Judging by the number of training and coaching available on the subject of ‘leadership’, it appears that we tend to treat leadership as some kind of technique.
Nothing can be further from the truth.
Leadership is not a technique. It is a way of life. You lead your personal and family life. You may lead as a manager or a business owner. You may even be called upon to lead the highest office in the land. You cannot assemble a bunch of techniques and become a leader. You become a leader by making it a way of life. Otherwise you become a ‘do as I say but not as I do’ type of pseudo leader.
Dictionaries struggle to define leadership. If you ask different people to define leadership, it is very likely you will get various leadership “personas” described to you.
A person is NOT a leader because of their position, title or they think they are the leader.
Below are fifteen traits of great leaders:
- Leaders lead people. Leadership starts with him or herself. Challenge of leadership is to get people to willingly do what they would normally NOT do.
- Competence: Competence is just the starting point. A leader builds his leadership starting with competence. This will involve learning new skills and training for a level of competency. Remember there are very competent people who are very poor leaders.
- Character: This involves sense of duty, ethics, value systems, integrity and morality and so on. Highly competent leaders fail not because of incompetence but lack of character.
- Respected: Leaders make tough choices and decisions all the time. They are NOT there to be loved. But their competence and character decides how well they are respected.
- Make things happen and take responsibility for their own actions of their team and organization.
- Leaders delegate authority and NOT responsibility. By delegating authority to the front line, great leaders can remain focused on the big picture. However, they also know that the buck stops with them.
- Leaders really understand the ‘WHY’ of their crusade. See the video below:
- Leaders set high standards for themselves. This high standard is NOT a goal to be reached at a later date. It is something they live and breathe every day.
- Great leaders understand the significance of competitive forces outside their control. This allows them to pick the right playing field.
- Leadership is a strategist. They understand the close, ongoing relationship between leadership and strategy.
- Leaders also understand that strategy is not a destination or solution. It is not a problem to be solved. It is a continuous journey.
- Leaders focus on standard of conduct. They do this by committing to absolute values. They commit to their journey with all their might.

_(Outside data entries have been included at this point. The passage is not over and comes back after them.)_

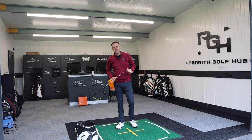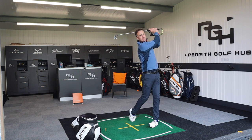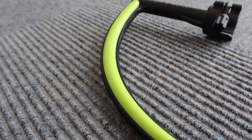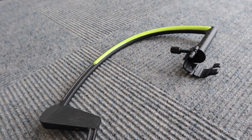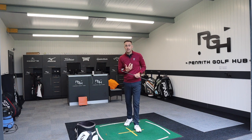Welcome back to the channel, it's Mike Newton down here at Penrith Golf Hub. We're going to talk training aid today and clubface control. Clubface control is obviously very important — the face really influences where the ball initially starts in relation to the target through its ball flight. Getting a good control of the clubface is ultimately very important for hitting straight golf shots. This particular training aid is going to really focus us and get some awareness of where the clubface is, whether you open or close it through the backswing and downswing.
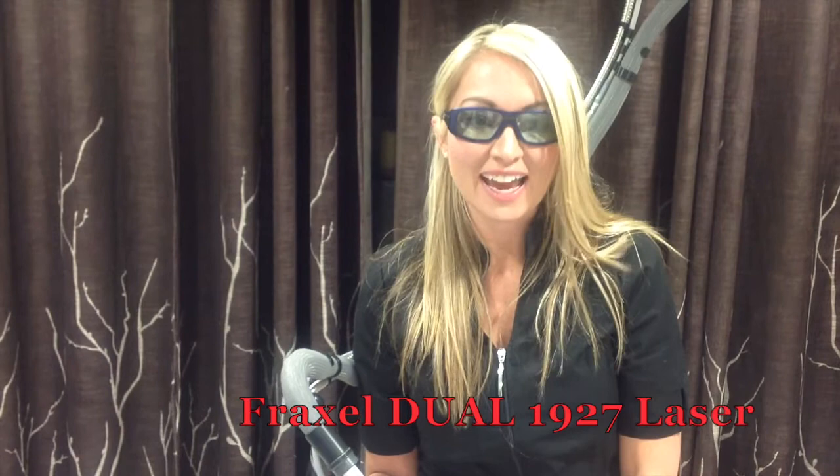Hi guys, Jennifer here from Dr. John Corey's office. See my glasses, see my machine — we're doing Fraxel laser today. Just a quick demonstration to explain the procedure. From those Arizona sunspots that we get from being out in the sun, we can remove them with our fractionalized laser called Fraxel.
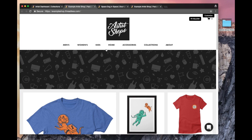And that's it — you made an Artistshop product and you added it to your homepage collection. Great job, and I'll see you next time. Bye.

- True leaders commit to a single standard. For an example they don’t have one standard for private morality and conduct and another for public morality and conduct. They will NOT accept lower standards to get things done. They do not buy in to the doctrine of expediency – the double standard of conduct.

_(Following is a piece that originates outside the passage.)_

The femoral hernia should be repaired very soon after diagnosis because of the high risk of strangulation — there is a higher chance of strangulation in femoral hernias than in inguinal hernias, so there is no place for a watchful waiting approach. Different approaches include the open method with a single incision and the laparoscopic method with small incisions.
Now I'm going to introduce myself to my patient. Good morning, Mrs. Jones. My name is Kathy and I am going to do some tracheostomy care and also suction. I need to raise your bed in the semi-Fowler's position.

- Leaders who start something new, like a new movement are not afraid to make a fool of themselves in order to grow that movement.
- Great leaders know that no organization will get better until the leadership is willing to admit that something is wrong.

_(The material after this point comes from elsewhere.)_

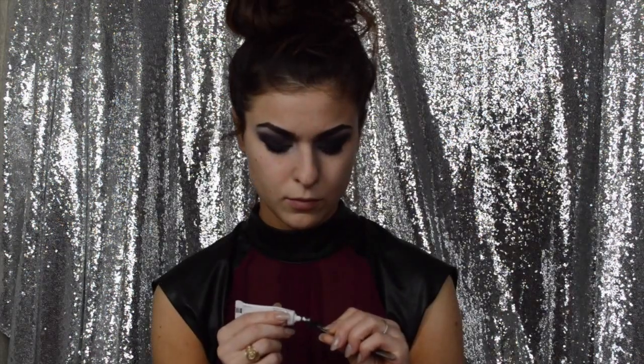I'm going to pop these lashes on because they are super thick, super crazy, and super fun — perfect for this look. These are by Cara, they are 100% human hair. I got these from Shop Mesa and they're about a dollar per pair. Remember to wait 30 seconds for the glue to dry.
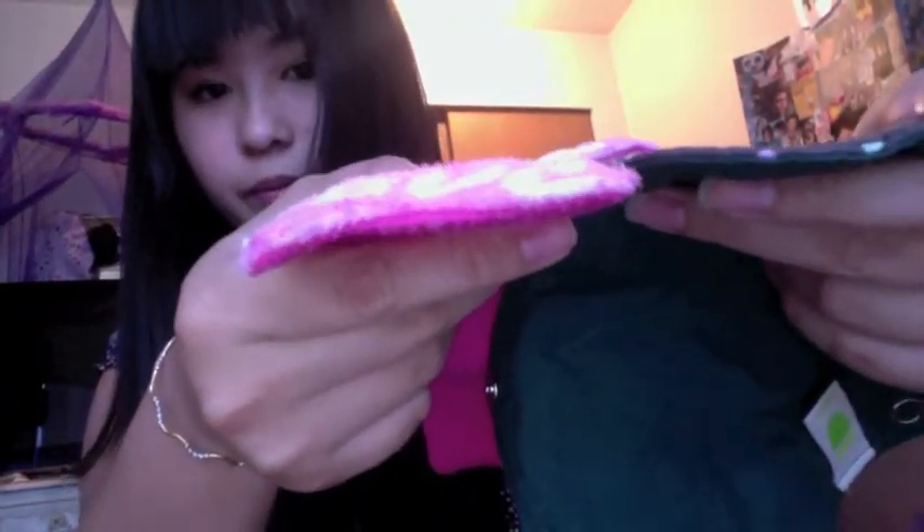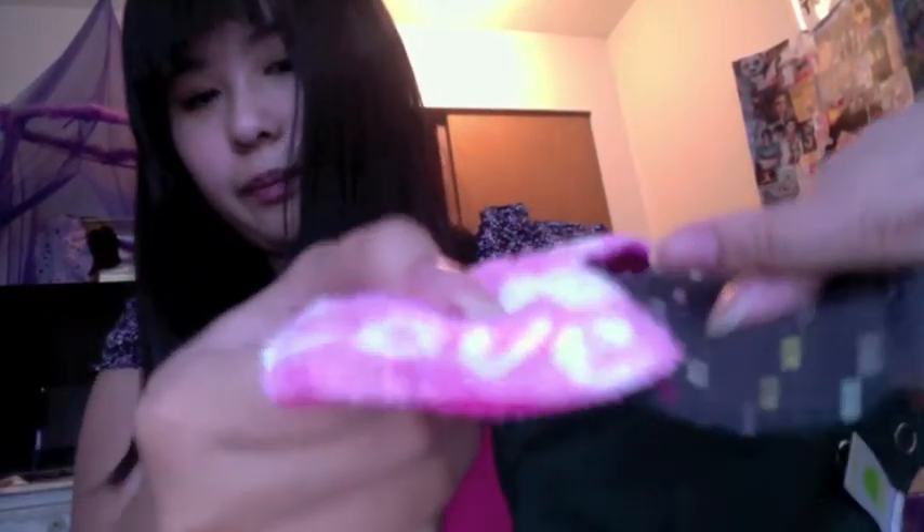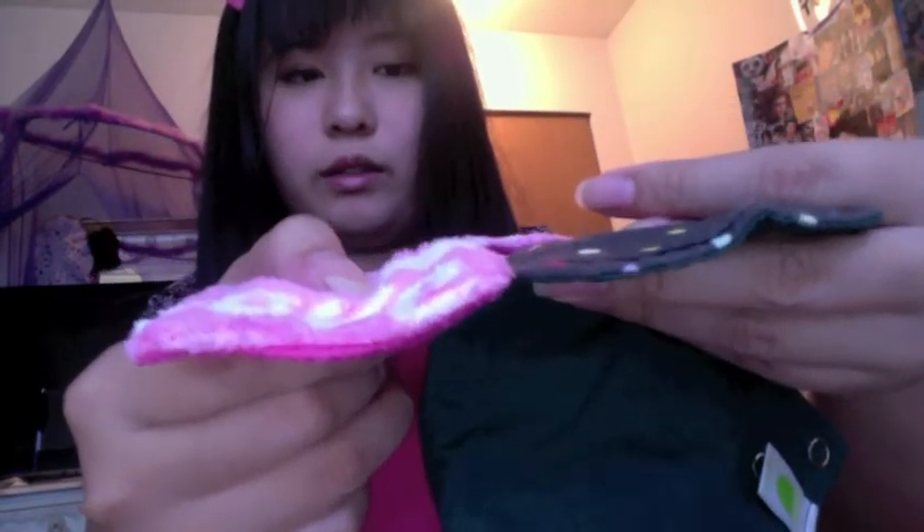There's no way to tell the absorbency level from the pad itself, so if you buy multiple absorbencies you might want to label where you keep them. The heavy pads are slightly thicker. They are a little bit thicker than some other brands, but I think that's because minky is just a thicker fabric than cotton or flannel — it's not bothersome at all.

- They see the problem for what it is and NOT worse than it is.
- Once they see the problem for what it is, they see the future as better than it is now. That is they create a compelling vision.
- They do everything in their power to start living the vision now, as if their vision has already come to fruition.
Here is a question:
If someone achieves a great goal by any means – by lowering their standards – would you consider them a great leader?